On 10/12/22 15:19, Eric DeVolder wrote:

On 10/12/22 12:46, Borislav Petkov wrote:
On Sat, Oct 08, 2022 at 10:35:14AM +0800, Baoquan He wrote:
Memory hptlug is not limited by a certin or a max number of memory
regions, but limited by how large of the linear mapping range which
physical can be mapped into.

Memory hotplug is not limited by some abstract range but by the *actual*
possibility of how many DIMM slots on any motherboard can hotplug
memory. Certainly not 32K.

So you can choose a sane default which covers *all* actual systems out

We run here QEMU with the ability for 1024 DIMM slots. A DIMM can be any
reasonable power of 2 size, and then that DIMM is further divided into memblocks,
typically 128MiB.

So, for example, 1TiB requires 1024 DIMMs of 1GiB each with 128MiB memblocks, that results
in 8K possible memory regions. So just going to 4TiB reaches 32K memory regions.

This I can attest for virtualized DIMMs, not sure about other memory hotplug technologies
like virtio-mem or DynamicMemory.
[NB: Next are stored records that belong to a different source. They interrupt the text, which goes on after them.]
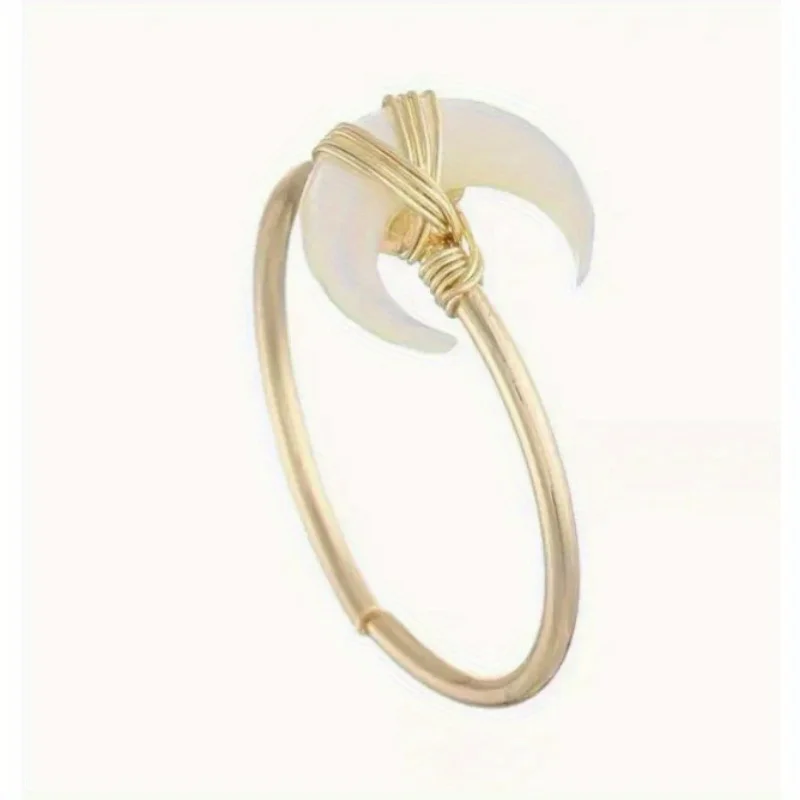 1 قطعة البوهيمي نمط القمر على شكل حلقة قابلة للتعديل خمر المجوهرات السماوية للارتداء اليومي ومناسبات الحفلات #5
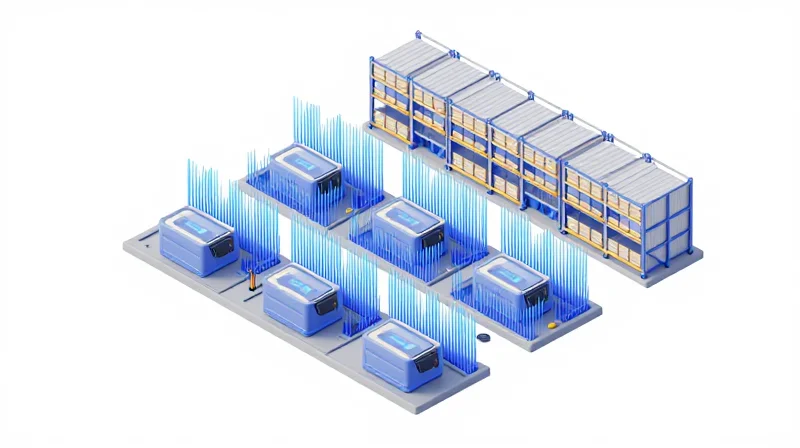 A 3D isometric representation of an industrial environment with radio frequency wave shielding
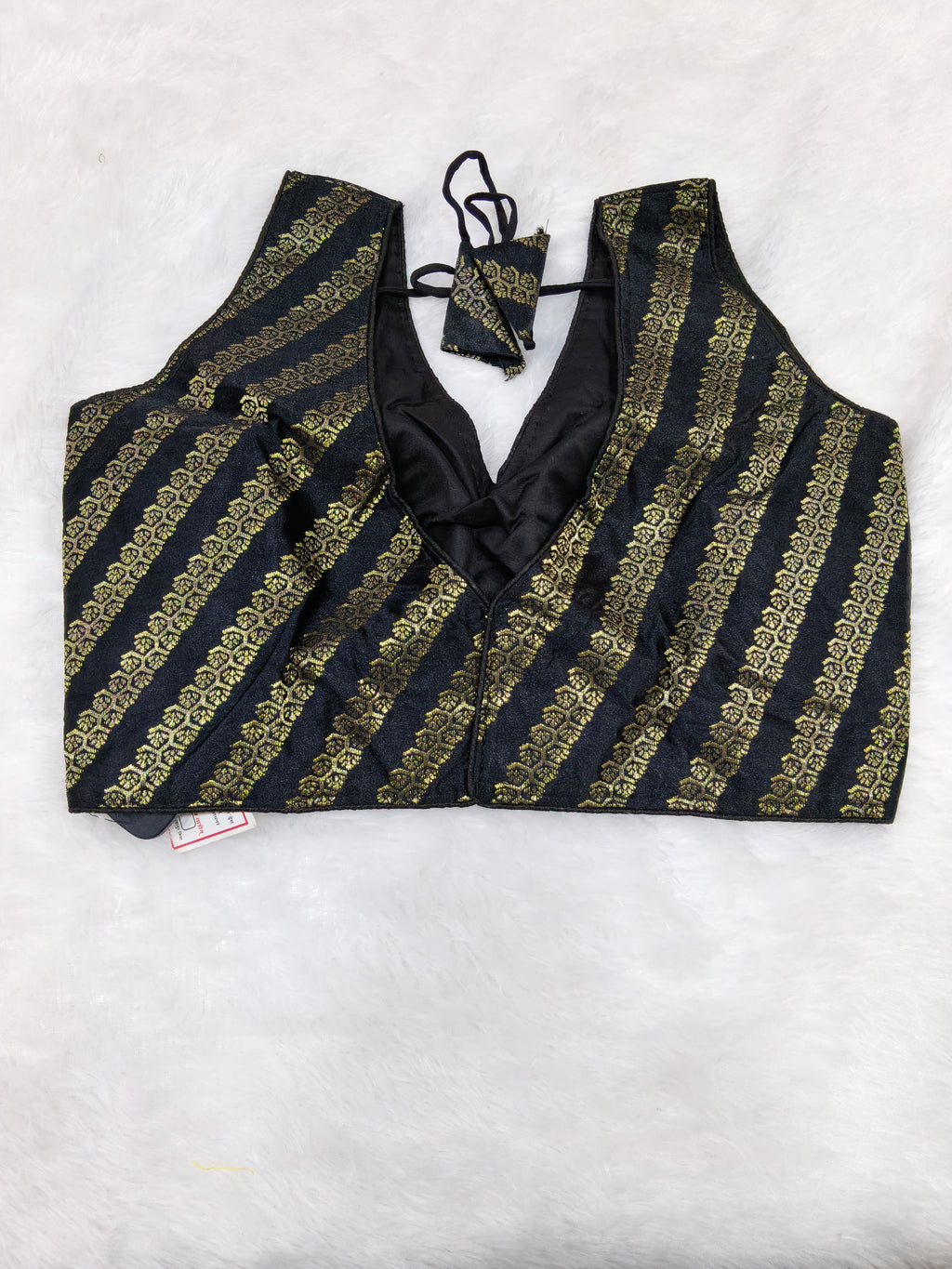 Black Banarasi Silk Leheriya Print Design Saree Blouse | Readymade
But it seems reasonable that those technologies could
also easily reach into these number ranges.


Oh, to be fair, if the above were fully populated, it would essentially coalescence
into a single reported region via crash_prepare_elf64_headers(). But in the sadistic
case, where every other memblock was offlined, that would result in the need to
report half of the memory regions via the elfcorehdr.


For the Kconfig CRASH_MAX_MEMORY_RANGES Eric added, it's meaningful to
me to set a fixed value which is enough in reality.

Yes, exactly.

For extreme testing with special purpose, it could be broken easily,
people need decide by self whether the CONFIG_CRASH_MAX_MEMORY_RANGES
is enlarged or not.

I don't want for people to decide on one more thing where they have to
go and read a bunch of specs just to know what is a good value. So we
should set a sane, *practical* upper limit and simply go with it.

Everything else is testing stuff and if you test the kernel, then you
can change limits and values and so on as you want to.